Output the whole listing below exactly, omitting the images.

= Provided data =

----------

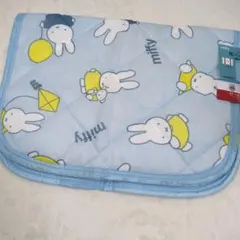 miffy ミッフィー 枕パッド 43×63cm ブルー 接触冷感 未使用のサムネイル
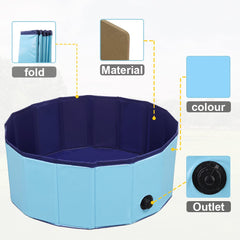 TMbsfatn dog pool PVC material close-up indicates safe construction.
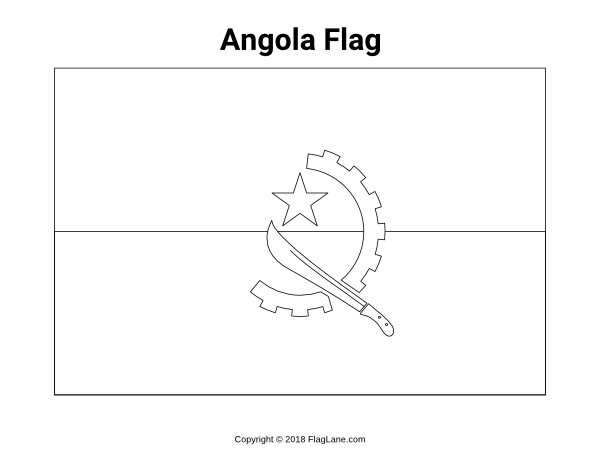 Free african flag coloring pages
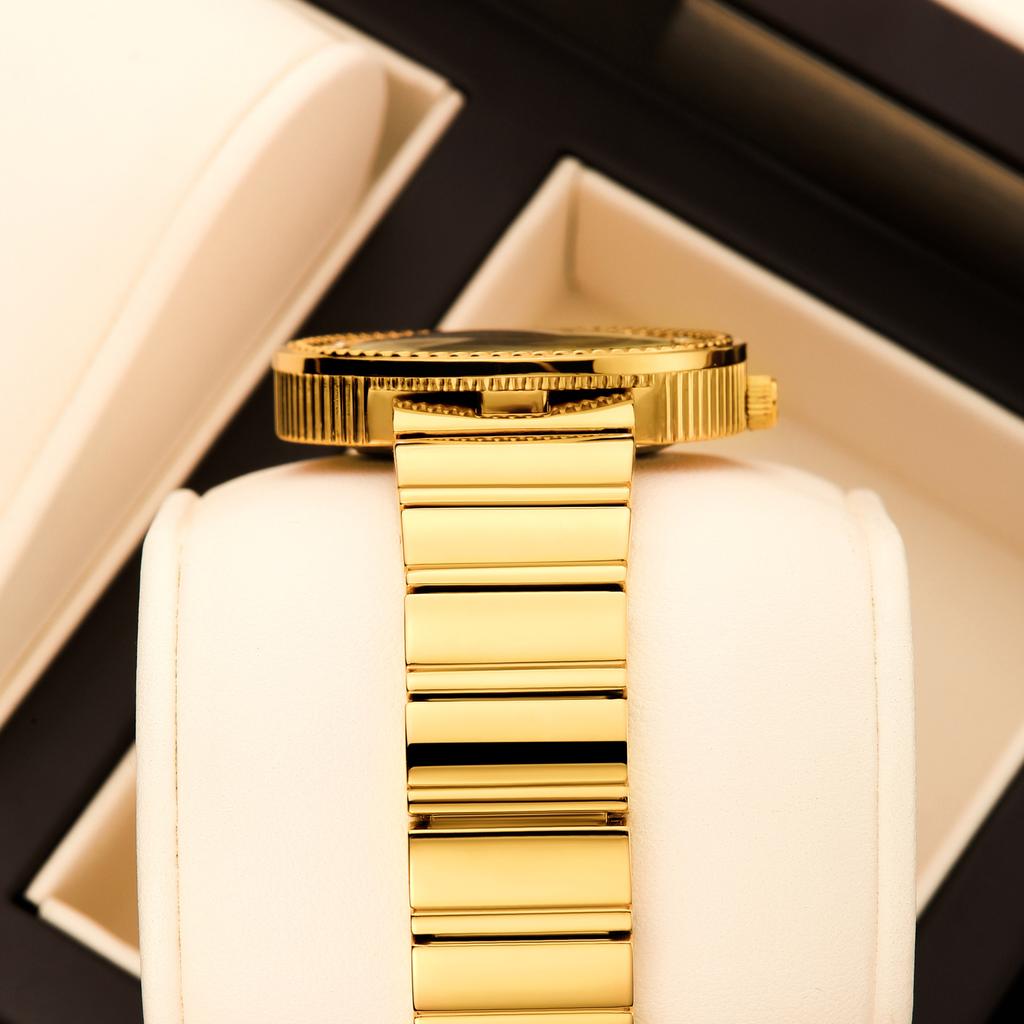 Yalalusi Gold Diamond Dial Women'S Watch Light Luxury Women'S Watch Premium Quartz Fashion Watch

----------

= Worked solution =
 miffy ミッフィー 枕パッド 43×63cm ブルー 接触冷感 未使用のサムネイル
 TMbsfatn dog pool PVC material close-up indicates safe construction.
 Free african flag coloring pages
 Yalalusi Gold Diamond Dial Women'S Watch Light Luxury Women'S Watch Premium Quartz Fashion Watch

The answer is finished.